(Data under study Opens)

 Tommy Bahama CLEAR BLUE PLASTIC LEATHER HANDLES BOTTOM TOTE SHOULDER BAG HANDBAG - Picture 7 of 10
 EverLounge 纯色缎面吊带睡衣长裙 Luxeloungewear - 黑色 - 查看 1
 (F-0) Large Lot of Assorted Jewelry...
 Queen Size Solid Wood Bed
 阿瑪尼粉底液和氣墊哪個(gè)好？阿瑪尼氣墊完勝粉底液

(Data under study Closes)
(Data under study Opens)

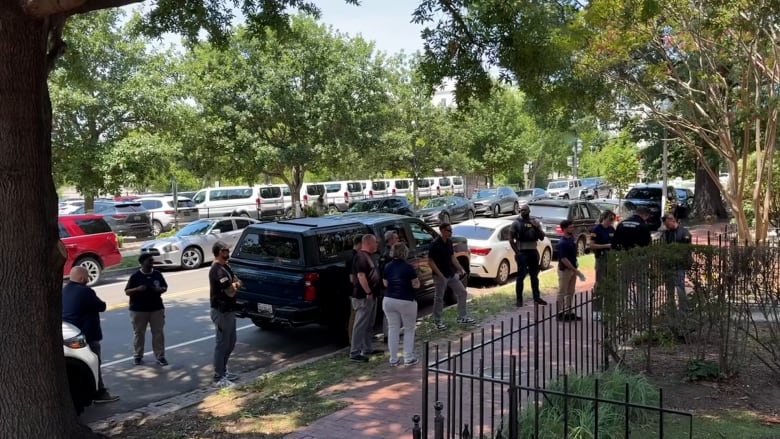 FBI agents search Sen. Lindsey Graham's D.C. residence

(Data under study Closes)

• _Aim of the task_
Output the lines of the records above exactly as they appear, from the line containing "(F-0) Large Lot of Assorted Jewelry..." through the line containing "阿瑪尼粉底液和氣墊哪個(gè)好？阿瑪尼氣墊完勝粉底液".

• _Finished task_
 (F-0) Large Lot of Assorted Jewelry...
 Queen Size Solid Wood Bed
 阿瑪尼粉底液和氣墊哪個(gè)好？阿瑪尼氣墊完勝粉底液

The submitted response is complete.